What did she want? My gratitude? “Yes.”

“Your parents and Jack are quite distraught. Did you know that?”

“No.”

“Are you happy about it?”

What did she want? “No. I wish they didn’t suffer or worry.”

“Well, I want them to suffer and worry. It is good for them. Might concentrate their minds. I’ve told them that if they don’t agree to complete me then…well, here you’ll stay. Given that I think they rather want you out, I have high hopes they’ll do what I want.”

I was crying again, silently this time, feeling the tears trickle down my grit-covered cheeks.

“So I expect they’ll get you back, dear Grace.” She paused, and in that pause I could hear malevolence gathering. “Of course, they’re not going to get you back quite the way they want.”

As soon as she finished speaking, I heard it.
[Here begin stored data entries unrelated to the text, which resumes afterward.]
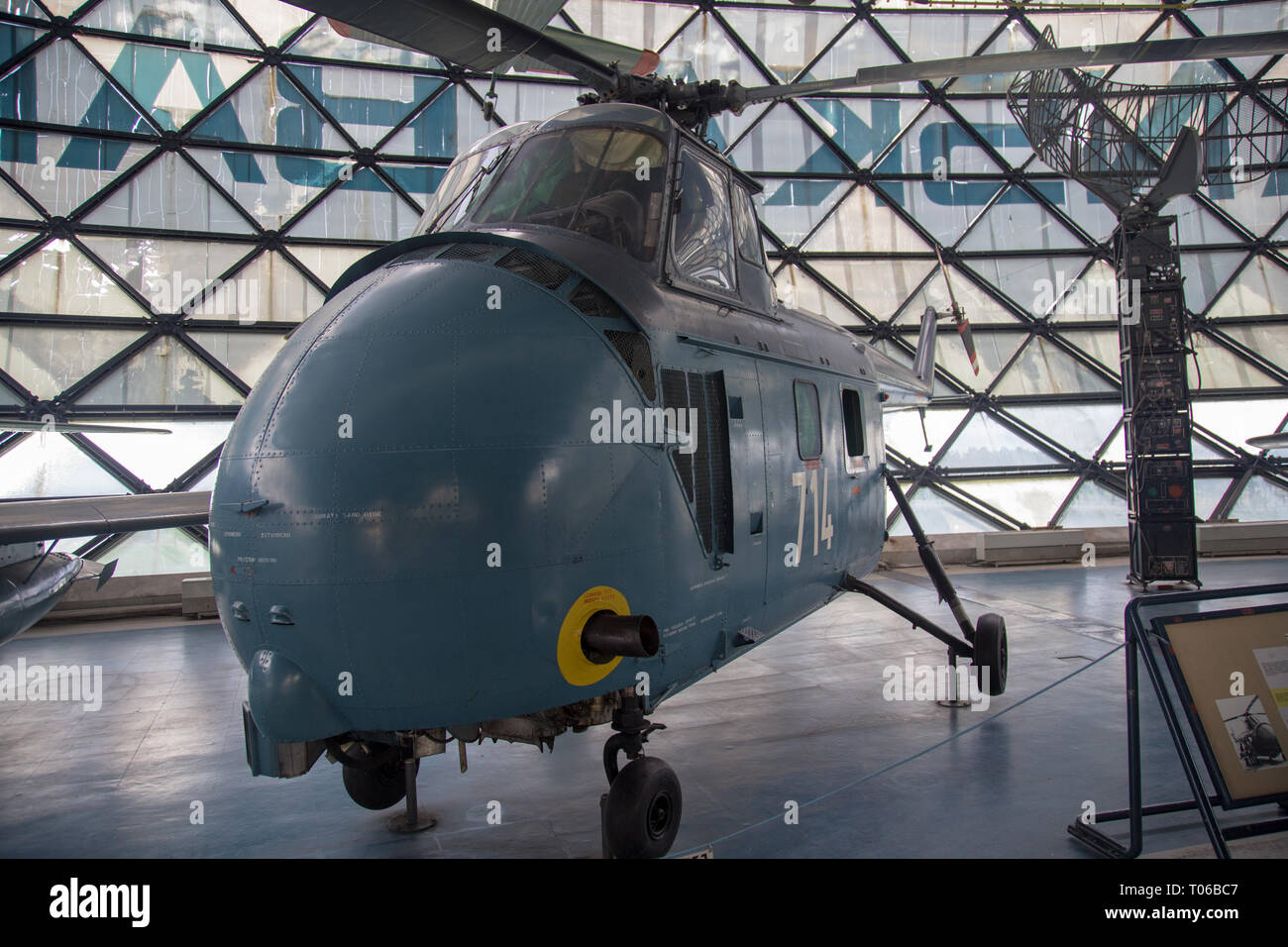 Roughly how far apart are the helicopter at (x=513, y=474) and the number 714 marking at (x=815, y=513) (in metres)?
0.30

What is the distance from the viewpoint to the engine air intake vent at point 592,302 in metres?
4.27

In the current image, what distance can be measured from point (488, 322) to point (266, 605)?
163 cm

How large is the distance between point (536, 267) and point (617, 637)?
1932mm

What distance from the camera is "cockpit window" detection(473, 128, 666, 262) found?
5.09m

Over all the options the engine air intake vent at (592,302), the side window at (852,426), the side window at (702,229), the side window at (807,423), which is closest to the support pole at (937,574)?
the side window at (852,426)

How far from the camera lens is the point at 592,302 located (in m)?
4.35

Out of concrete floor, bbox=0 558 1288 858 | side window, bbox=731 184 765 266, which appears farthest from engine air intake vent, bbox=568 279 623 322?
concrete floor, bbox=0 558 1288 858

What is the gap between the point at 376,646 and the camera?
11.8 ft

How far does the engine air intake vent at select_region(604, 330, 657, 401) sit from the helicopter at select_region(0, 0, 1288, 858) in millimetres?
16

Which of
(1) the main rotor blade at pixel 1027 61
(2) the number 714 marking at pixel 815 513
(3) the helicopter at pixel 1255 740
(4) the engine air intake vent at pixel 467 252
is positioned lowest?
(3) the helicopter at pixel 1255 740

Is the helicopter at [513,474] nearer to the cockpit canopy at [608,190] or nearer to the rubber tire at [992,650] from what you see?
the cockpit canopy at [608,190]

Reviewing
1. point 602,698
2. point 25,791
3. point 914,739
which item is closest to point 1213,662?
point 914,739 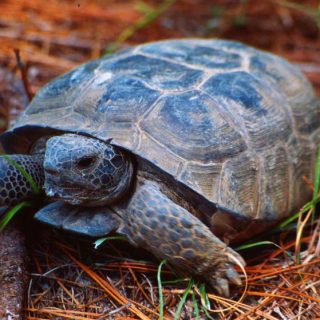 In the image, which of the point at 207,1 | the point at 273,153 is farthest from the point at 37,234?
the point at 207,1

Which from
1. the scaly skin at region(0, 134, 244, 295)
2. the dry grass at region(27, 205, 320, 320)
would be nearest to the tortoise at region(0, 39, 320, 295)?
the scaly skin at region(0, 134, 244, 295)

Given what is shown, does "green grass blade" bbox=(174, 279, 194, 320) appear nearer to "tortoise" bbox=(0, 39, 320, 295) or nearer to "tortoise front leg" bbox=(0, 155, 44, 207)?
"tortoise" bbox=(0, 39, 320, 295)

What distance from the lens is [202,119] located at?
2.56m

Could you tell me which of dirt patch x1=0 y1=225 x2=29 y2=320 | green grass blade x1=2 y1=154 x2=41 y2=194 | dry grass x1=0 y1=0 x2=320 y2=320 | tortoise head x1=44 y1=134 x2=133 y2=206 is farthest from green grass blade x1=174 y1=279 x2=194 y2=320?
green grass blade x1=2 y1=154 x2=41 y2=194

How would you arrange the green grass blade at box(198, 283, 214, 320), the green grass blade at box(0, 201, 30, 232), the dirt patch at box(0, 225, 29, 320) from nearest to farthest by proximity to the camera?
the dirt patch at box(0, 225, 29, 320)
the green grass blade at box(198, 283, 214, 320)
the green grass blade at box(0, 201, 30, 232)

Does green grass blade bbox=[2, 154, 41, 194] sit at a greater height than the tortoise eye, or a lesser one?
lesser

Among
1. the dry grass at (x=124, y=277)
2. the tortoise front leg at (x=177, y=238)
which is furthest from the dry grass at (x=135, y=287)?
the tortoise front leg at (x=177, y=238)

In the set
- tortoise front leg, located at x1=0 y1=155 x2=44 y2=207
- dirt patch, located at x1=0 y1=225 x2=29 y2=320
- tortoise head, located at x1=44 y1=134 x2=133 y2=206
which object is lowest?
dirt patch, located at x1=0 y1=225 x2=29 y2=320

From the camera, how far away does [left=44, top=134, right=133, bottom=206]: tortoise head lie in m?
2.29

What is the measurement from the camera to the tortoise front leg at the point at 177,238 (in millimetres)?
2322

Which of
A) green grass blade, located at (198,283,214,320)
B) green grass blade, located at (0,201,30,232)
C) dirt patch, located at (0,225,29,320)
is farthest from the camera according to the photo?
green grass blade, located at (0,201,30,232)

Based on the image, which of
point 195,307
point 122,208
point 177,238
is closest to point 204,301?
point 195,307

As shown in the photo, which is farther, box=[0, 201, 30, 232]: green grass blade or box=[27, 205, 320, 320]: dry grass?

What sounded like a huge boulder tumbling down through the rubble. There shouldn’t be space for it, no boulder should be able to force its way down through the rubble.

But one did nonetheless.

“It is the lintel from the doorway into the flats, Grace. Heavy concrete. Able to do much damage, I imagine. Poor Jack, won’t he weep when he sees you?”

I struggled, crying out in horror as I heard the lump of concrete tumbling closer, over and over, over and over…

“I’m going to say to you what I once heard your father saying to Jack, when he was welcoming him back into London after an unfortunate period of time spent in exile. I only need you alive, Grace. I don’t need you whole.”

The concrete slid closer, rasping and rumbling, and it was the most terrible thing I have ever heard in my entire life.

I only need you alive, Grace. I don’t need you whole.

Now the concrete was sliding towards me at a frightful pace. I was screaming, not caring about the pain that tore through my chest with the effort, when I felt a sudden rush of warm air, and then something slammed into my head.